Eucken gehörte 1933 zu den wenigen deutschen Professoren, die sich sofort und ohne Wenn und Aber gegen Hitler stellten. Als der bis dahin angesehene Philosoph Martin Heidegger 1933 Rektor wurde und die Universität Freiburg im Sinne der Nationalsozialisten gleichschalten wollte, leistete Eucken Widerstand. Er hielt an seiner Freundschaft zu Edmund Husserl fest, der wegen seiner jüdischen Herkunft nach 1933 geächtet war. Bei der Beerdigung Husserls 1938 gehörten Eucken und seine Frau Edith zu den wenigen Trauergästen. Als 1935 die Nürnberger Rassegesetze beschlossen wurden, schrieb er: "Diese Sünde, die das deutsche Volk begeht, indem es wehrlose Menschen seelisch und körperlich misshandelt, wird sich furchtbar an ihm rächen. Gott ist auch ein rächender Gott." Nicht nur hier zeigt sich die tiefe Religiosität Euckens.

Nach den Pogromen vom 9. November 1938 gründete Eucken einen Gesprächskreis oppositioneller Wissenschaftler, darunter Constantin von Dietze und der Ökonom Adolph Lampe. In diesem "Freiburger Kreis" entstand 1942 eine Denkschrift für den Berliner Theologen Dietrich Bonhoeffer. Nach dem Attentat auf Hitler wurden Dietze und Lampe verhaftet. Sie überlebten in einem Gestapo-Gefängnis. Bonhoeffer wurde einen Monat vor Kriegsende, am 9. April 1945 ermordet. Eucken wurde zwar verhaftet und verhört, überlebte das Dritte Reich aber unversehrt.

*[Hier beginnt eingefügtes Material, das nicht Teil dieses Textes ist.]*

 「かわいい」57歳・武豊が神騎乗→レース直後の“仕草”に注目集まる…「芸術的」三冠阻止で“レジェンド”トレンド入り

Nach dem Ende von Krieg und Nationalsozialismus intensivierte Eucken seine wissenschaftliche Arbeit. Er schrieb die "Grundsätze der Wirtschaftspolitik", das Standardwerk des Ordoliberalismus; es sollte erst 1952 nach Euckens Tod erscheinen. Er nahm Kontakt mit Liberalen im Ausland auf. Als im April 1947 am Genfer See die liberale, antisozialistische Mont-Pelerin-Gesellschaft gegründet wurde, war Eucken dabei; er traf dort die Radikalliberalen Friedrich August von Hayek und Ludwig von Mises, den Soziologen Karl Popper, den Ökonomen Milton Friedman und den deutschen Exil-Ökonomen Wilhelm Röpke. Jetzt konnte er auch in die praktische Politik hineinwirken. Von 1947 gehörte er zusammen mit seinem Habilitanden Leonhard Miksch dem Wissenschaftlichen Beirat der Wirtschaftsveraltung in der Bizone an, deren Direktor Ludwig Erhard hieß. So trugen seine Ideen zum Start der sozialen Marktwirtschaft in der Bundesrepublik bei.

Eucken starb während einer Vortragsreise nach London am 20. März 1950. Zu seinem Erbe gehört das Gesetz gegen Wettbewerbsbeschränkungen von 1957, das Euckens Freund Franz Böhm maßgeblich formuliert hatte. Dazu gehört aber auch die Tatsache, dass die Ideen von John Maynard Keynes erst in den späten 1960er-Jahren, und damit viel später als im Rest des Westens anerkannt wurden. Und mit ihm hat es auch zu tun, dass die Deutschen in der "Ordnungspolitik" ein weiteres Wort haben, das sie Ausländern nicht so einfach erklären können, weder sprachlich noch inhaltlich.